WorDS of Data Science beginning with C
- Cloud Computing
Cloud computing follows the “renting rather than buying” principle for computing resources. It provides on-demand computing resources such as servers, storage, databases and applications through the Internet using virtualization technology. Clouds eliminate the need of initial capital investment, effort and time on acquiring expensive computing infrastructure and maintaining it. The cloud delivers computing resources as a metered service, i.e., you pay for what you use. Clouds are very good for deploying small-scale (often experimental) applications and then scaling-up according to workload requirements.
The features of Cloud computing include:
Elasticity: Clouds provide instant scaling up and scaling down of resources depending on workload changes by provisioning and releasing in an automatic manner.
On demand: Users can get required resources instantly at the time of their requests, i.e., user requests will not wait in a queue like most of traditional computing clusters.
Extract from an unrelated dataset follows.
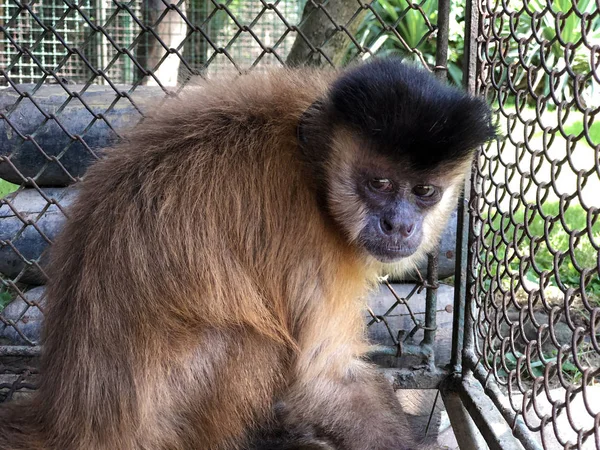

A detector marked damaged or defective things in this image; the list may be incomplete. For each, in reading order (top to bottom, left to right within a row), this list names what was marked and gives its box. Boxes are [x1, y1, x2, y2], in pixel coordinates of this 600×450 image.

rusty wire mesh [0, 0, 446, 400]
rusty wire mesh [466, 0, 600, 446]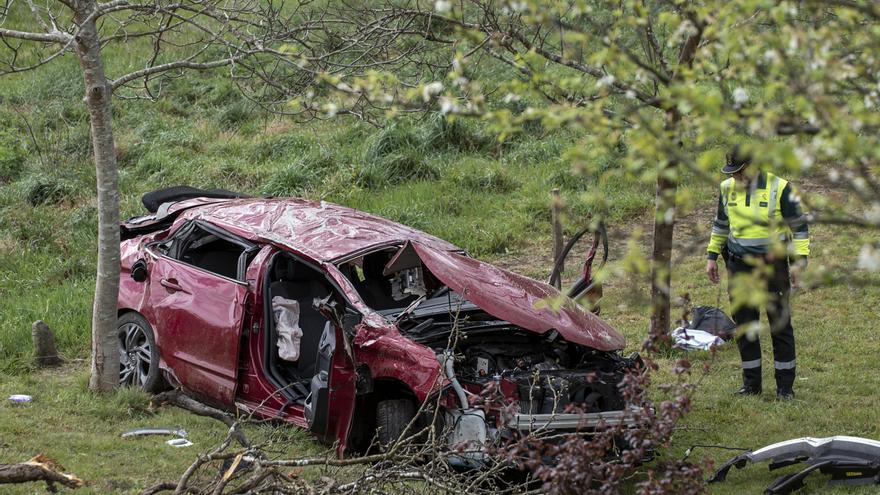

Although request resources are limited by the overall physical resource capacity of the provider, users practically can assume they can get unlimited resources.
Virtualization: To fit various user requirements on CPU, memory, operating system, software, etc., resource provisioning of Cloud computing is done on top of a virtualization layer instead of bare physical machines. Through virtualization, a Cloud provider can quickly provide required resources quickly.
Service oriented: Most cloud computing software follows service oriented architecture (SOA). The communication between users and providers can be done through Web services.
Cloud computing provides services that can be classified under three main service models:
Software as a service (SaaS): SaaS refers the software products that utilize Cloud resources to provide better scalability and availability. SaaS is easiest to use and also has minimal flexibility. Services within this model enable users to access a software applications made available by a service provider in ready to use mode. The service providers manage the entire technology stack including servers, storage, networking, virtualization, security, OS, middleware, data and applications. End users can access a software application through web-browser or a client eliminating the need downloading, installing and running the application on local.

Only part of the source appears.